<<<<

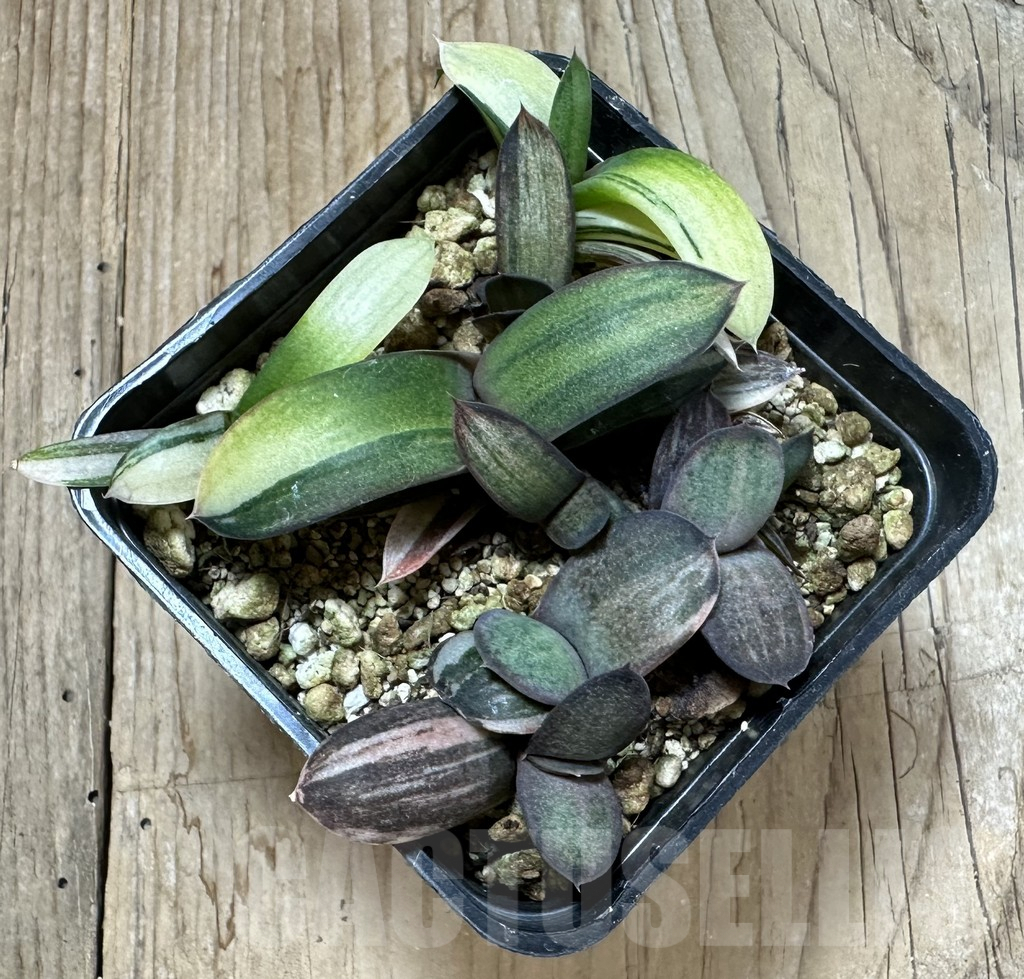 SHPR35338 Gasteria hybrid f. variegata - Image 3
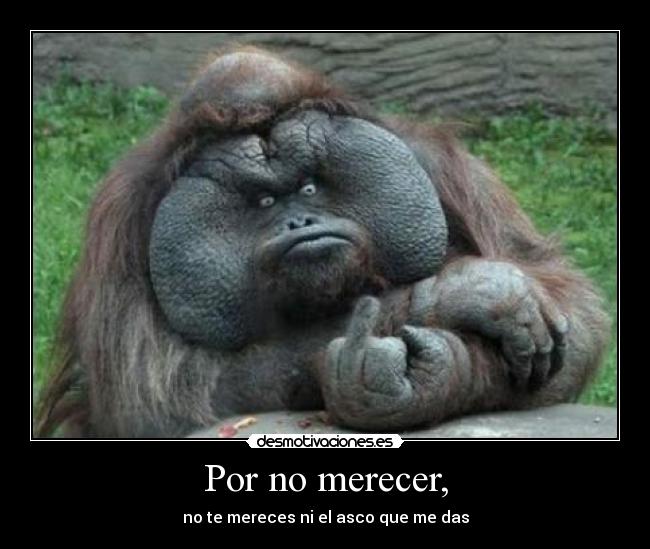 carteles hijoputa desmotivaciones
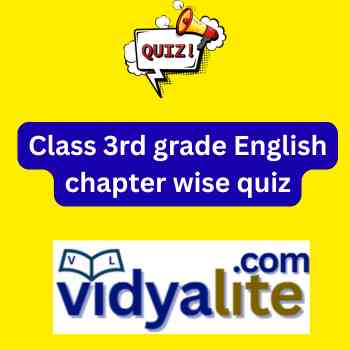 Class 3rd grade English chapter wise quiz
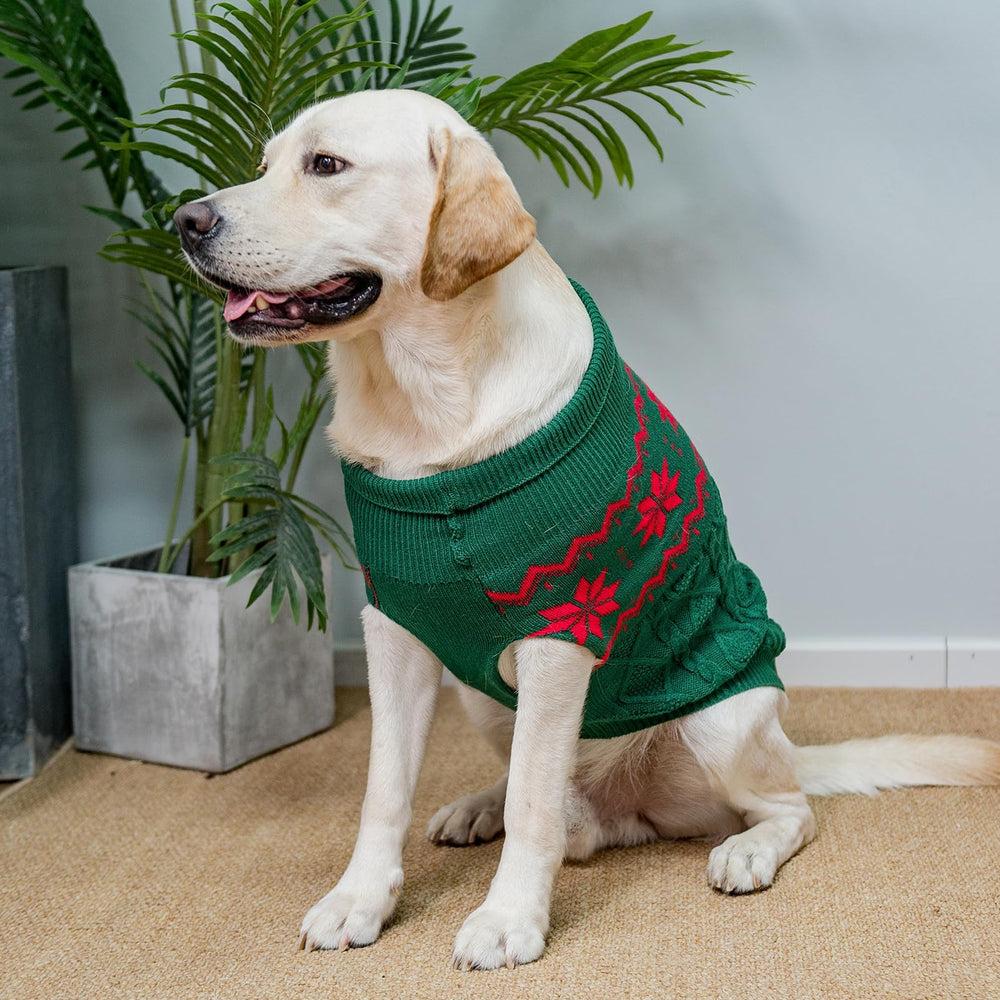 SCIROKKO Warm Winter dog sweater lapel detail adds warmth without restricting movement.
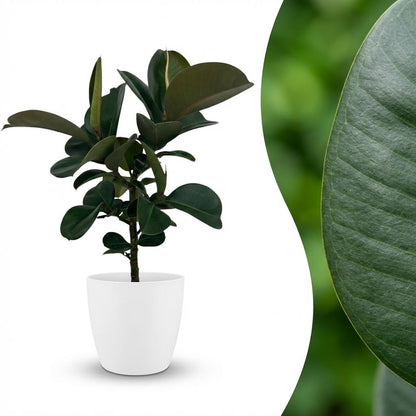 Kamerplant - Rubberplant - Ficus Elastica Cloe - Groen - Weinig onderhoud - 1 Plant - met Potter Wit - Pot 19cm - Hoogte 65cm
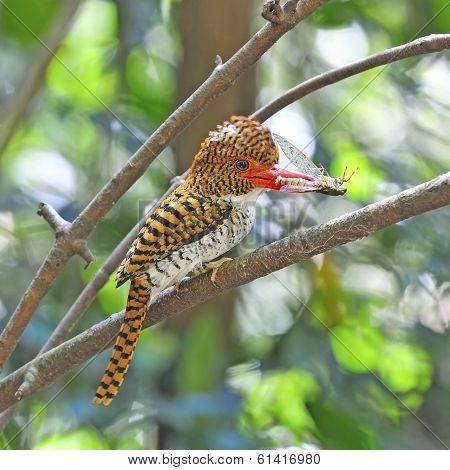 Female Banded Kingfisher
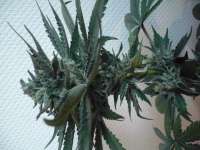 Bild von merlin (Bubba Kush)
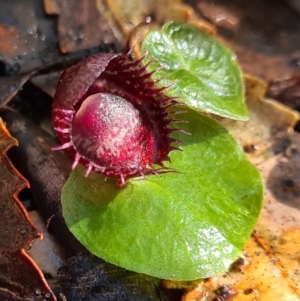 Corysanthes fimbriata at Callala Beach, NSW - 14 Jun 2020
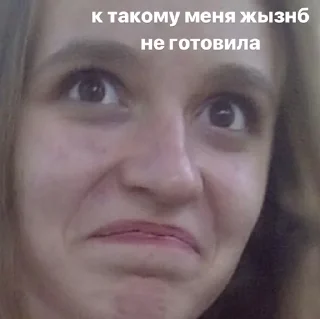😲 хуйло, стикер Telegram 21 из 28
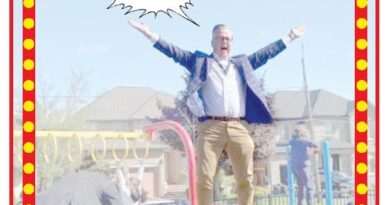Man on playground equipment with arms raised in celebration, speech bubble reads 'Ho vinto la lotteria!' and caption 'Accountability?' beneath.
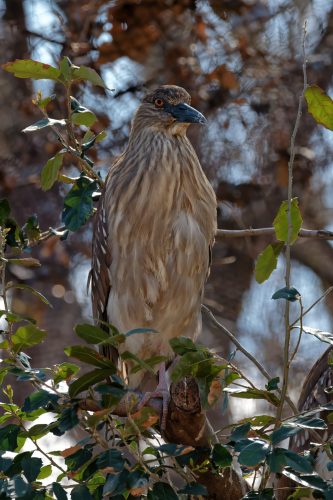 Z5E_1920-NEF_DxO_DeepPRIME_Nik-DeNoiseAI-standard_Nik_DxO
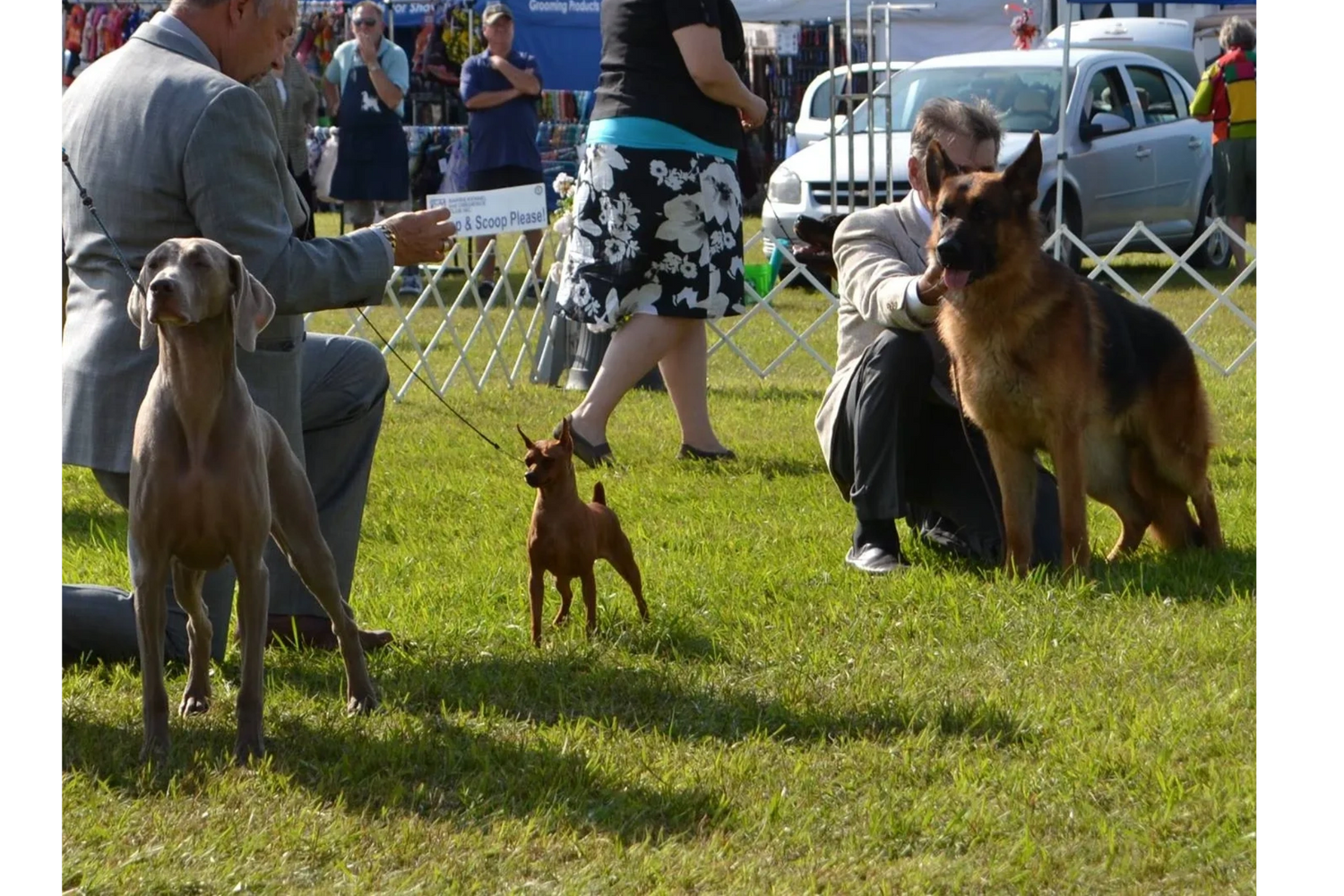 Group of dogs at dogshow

>>>>

How to complete this task => Only the lines between the one containing "Telegram 21 из 28" and the last line of the listing above, both included, should be written out, exactly and without pictures.

Task response =>
😲 хуйло, стикер Telegram 21 из 28
Man on playground equipment with arms raised in celebration, speech bubble reads 'Ho vinto la lotteria!' and caption 'Accountability?' beneath.
 Z5E_1920-NEF_DxO_DeepPRIME_Nik-DeNoiseAI-standard_Nik_DxO
 Group of dogs at dogshow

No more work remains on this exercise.